California again has provided a model of privacy legislation for other states to follow.  New Hampshire Governor Maggie Hassan recently signed into law House Bill 520 (the “Bill”), a bipartisan effort to establish guidelines for the protection of student online personal information.

Who is covered by the Bill?

Modeled after California’s Student Online Personal Information Protection Act (SOPIPA), the Bill applies to operators of Internet websites, online services (including cloud computing services), and mobile applications with actual knowledge that their website, service or application is used primarily for K-12 school purposes and was designed and marketed for K-12 school purposes (“Operators”). Like SOPIPA, the Bill imposes certain obligations and restrictions on Operators with respect to the collection, use, storage and destruction of student personal information and becomes effective on January 1, 2016. We discuss SOPIPA in more detail here and provide recommendations for preparing to comply with the SOPIPA requirements.

The Bill does not apply to general audience websites, online services, and mobile applications, even if login credentials created for a covered site, service, or application may be used to access the general audience sites, services, or applications. The Bill also makes it clear that it is not intended to:

  • limit Internet service providers from providing Internet connectivity to schools or students and their families;
  • prohibit operators of websites, online service, or mobile application from marketing educational products directly to parents so long as the marketing did not result from the use of “Covered Information” under the Bill;
  • impose a duty upon a provider of an electronic store, gateway, marketplace, or other means of purchasing or downloading software or applications to review or enforce compliance with the Bill on those applications or software;
  • impose a duty upon a provider of an interactive computer service, as defined in 47 U.S.C. section 230, to review or enforce compliance with the Bill by third-party content providers; or
  • impede the ability of students to download, export, or otherwise save or maintain their own student created data or documents.

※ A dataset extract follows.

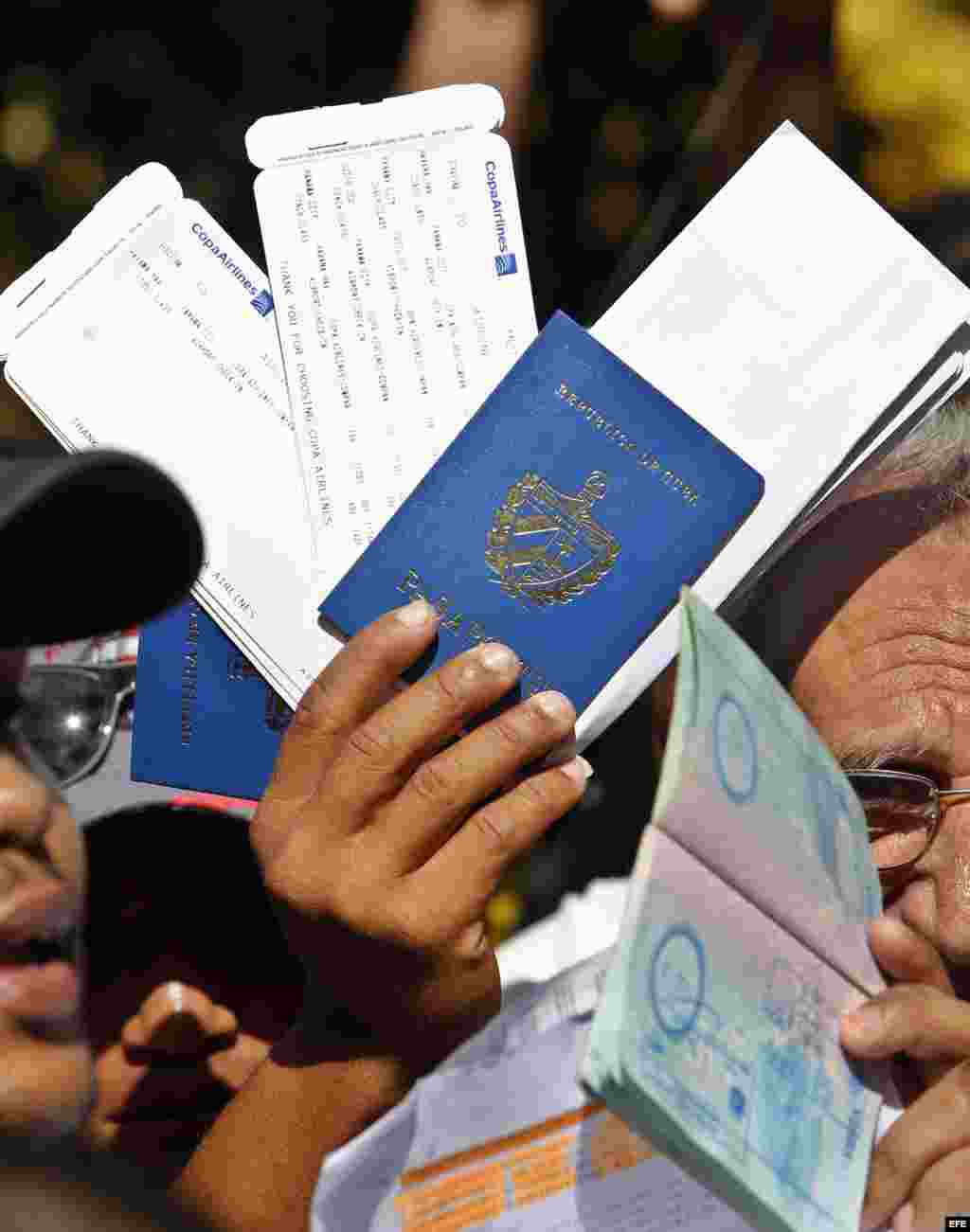 Cientos de cubanos protestan frente a la embajada de Ecuador en Cuba tras el anuncio de exigir visa a todo cubano que viaje como turista al país andino a partir del 1 de diciembre.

What information is covered by the Bill?

The Bill defines “Covered Information” very broadly to include personally identifiable information or materials, in any media or format, created or provided to an Operator by either a student (or his/her parent or guardian) while using the Operator’s site, service, or application or by an employee or agent of the K-12 school, school district, local education agency, or county office of education, as well as information gathered by the Operator that is related to the student, such as information that is “descriptive of a student or otherwise identifies a student, including, but not limited to, information in the student’s educational record or email, first and last name, home address, date of birth, telephone number, unique pupil identifier, social security number, financial or insurance account numbers, email address, other information that allows physical or online contact, discipline records, test results, special education data, juvenile dependency records, grades, evaluations, criminal records, medical records, health records, biometric information, disabilities, socioeconomic information, food purchases, political affiliations, religious information, text messages, documents, other student identifiers, search activity, photos, voice recordings, or geo-location information.”

What do you have to do to comply with the Bill?

Avoid the following prohibited activities:

  • Using any information (including persistent identifiers) created or collected through your site, service, or application to create a profile about a K-12 student;
  • Engaging in targeted advertising (either on your site, service, or application or any other site, service, or application) when the targeting is based on any information (including covered information and persistent identifiers) that you have acquired as a result of the use of your site, service, or application;
  • Selling, leasing, renting, trading, or otherwise making available a student’s information (including covered information), except in connection with a sale of your business provided that the buyer continues to be bound by this restriction with respect to previously acquired student information; or
  • Disclosing protected information, except where the disclosure is mandated to “respond to or participate in judicial process”.

Implement and maintain the following security and deletion requirements:

  • reasonable security procedures and practices (appropriate to the nature of the Covered Information) to protect Covered Information from unauthorized access, destruction, use, modification, or disclosure, and
  • delete covered information if the school or district requests deletion of data under the control of the school or district.

What can you do with Covered Information?

Although, as discussed above, there are many restrictions on the use of Covered Information, Operators are permitted to:

  • Use de-identified Covered Information within their sites, service, or application (or other sites, services, or applications owned by the Operator) to improve educational products and to demonstrate the effectiveness of their products or services (including in their marketing), and
  • Share aggregated de-identified Covered Information for the development and improvement of educational sites, services, or applications.

Although the effective date is January 1, 2016, if you are an “Operator” under the Bill, this is the time to begin thinking about what kind of changes you may need to make in your processes and procedures and to put in place an implementation plan to be compliant with the Bill by its effective date.